Sorry, I missed that. This means no spikes made it over the threshold. Try reducing that threshold only for that first step (the options are in the cfg file in a separate paragraph just for this initialization routine).

petersenpeter commented 7 years ago

Thanks again, while I have your attention, is there anyway to limit templating on large amplitude artifacts? After Kilosort has been run, almost all clusters have large outliers in their feature space. When removing the outliers (manually cutting them out), it is obvious that they are included in the cluster, because the algorithm believes that the unit had spiked at the time of an artifact. Yet, often this is hard to verify from the waveforms, so for each cluster, I remove them manually. Is there any way that this can be minimized?

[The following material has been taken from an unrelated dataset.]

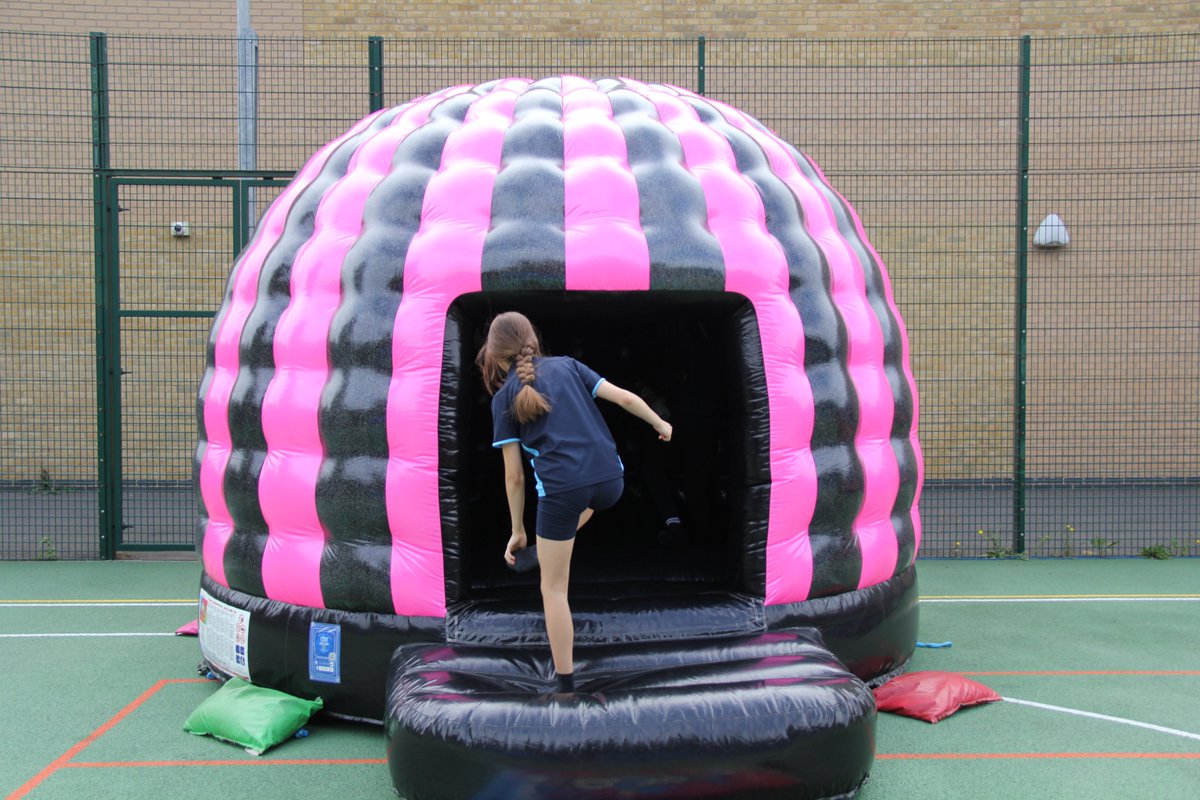 Sydenham School (@sydenhamschool) on Twitter photo A fantastic treat for all the students who received merits this week, reward day <a href="/SydenhamSchool/">Sydenham School</a> A fantastic treat for all the students who received merits this week, reward day <a href="/SydenhamSchool/">Sydenham School</a>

marius10p commented 7 years ago

I think it depends on what the artifacts look like. You could remove them automatically by using the spike amplitudes perhaps? There shouldn't be many of these artifacts anyway (relative to neural spike rates), and you should probably discard those periods of the recording anyway, so they don't confound your further analysis.

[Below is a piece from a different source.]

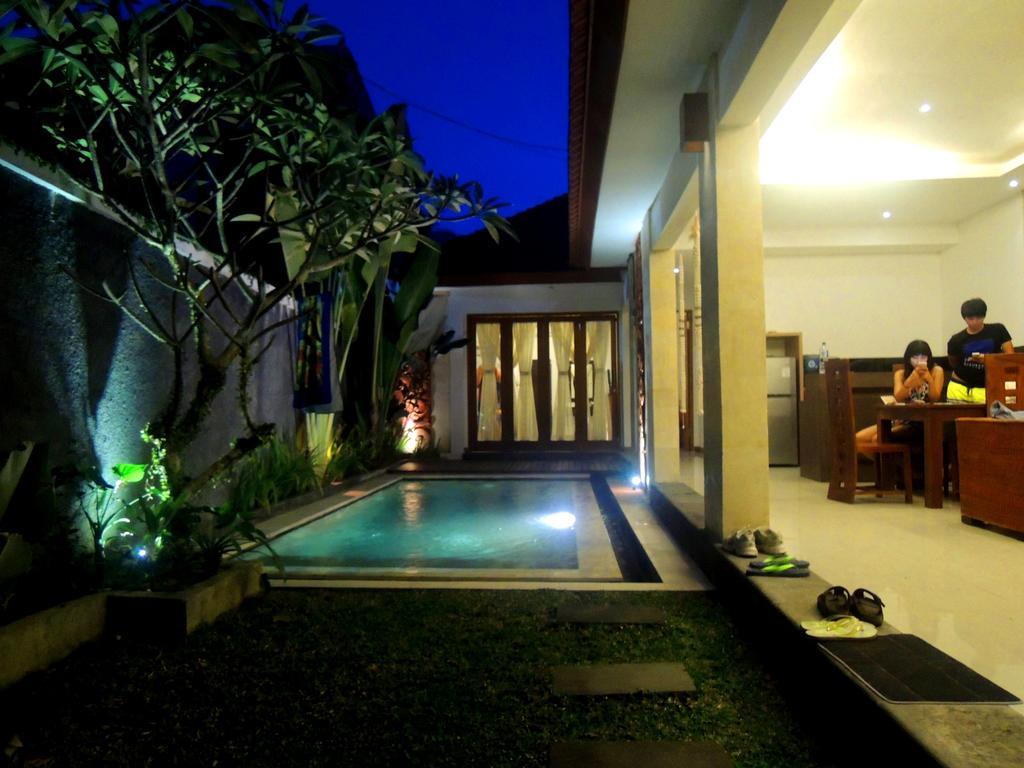 Jayastuti House Villa Ubud Oda fotoğraf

I am also considering whether to replace the continuous penalty on spike amplitude with a penalty that does not allow amplitudes larger than a certain % of the mean. I can let you know when that is implemented.

petersenpeter commented 7 years ago

The penalty percentage sounds great. Often the artifacts arises as the animal bangs its head into something, typically in the homecage, or when he is chewing or something similar, events that, unfortunately, are hard to remove from the recording.

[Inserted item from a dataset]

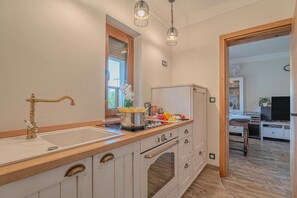 Fridge, oven, stovetop, coffee/tea maker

And yes, I have used the amplitude of the spikes together with the amplitude in the feature view to remove them, but so far only manually. They are a small percentage of the spikes in a given cluster, yet they often appear excessively in the auto correlation histogram within the refractory period.

petersenpeter commented 7 years ago

After lowering the threshold (ops.spkTh = 0.25) I still receive the same error:

Time 1193.00, batch 901/986, NTOT 0 Index exceeds matrix dimensions.

Error in fullMPMU (line 205) [~, isort] = sort(st3(:,1), 'ascend');

marius10p commented 7 years ago

I see. Indeed, the current penalty does not deal with artifacts correctly, because it trades off in a continuous manner between explaining the variance of the data and having an amplitude close to the mean amplitude. For artifacts, the penalty from the amplitude will be large, but the penalty for not explaining the variance of the data is even larger, so the artifact is categorized as a spike.

marius10p commented 7 years ago

ops.spkTh should in principle not be larger than -3 (else you will get a lot of noise in the thresholded events). But that doesn't seem to be what's happening, and I cannot tell what's going on. Try running the eMouse simulation to make sure that option works (maybe some built-in Matlab function is screwed up). Also try stopping the processing in preprocessData after line 262, where the first batch of thresholded spikes is found. Make sure there are events in there and it's not just empty. Also check if anything becomes NaN or Inf at some point, maybe in-between the main functions (preprocessData, fitTemplates, fullMPMU).

petersenpeter commented 7 years ago

The problem was the ops.spkTh setting. Lowering it to -6 did the trick.

marius10p commented 7 years ago

Strange... it should have been -6 by default. Let me know how it goes, good luck.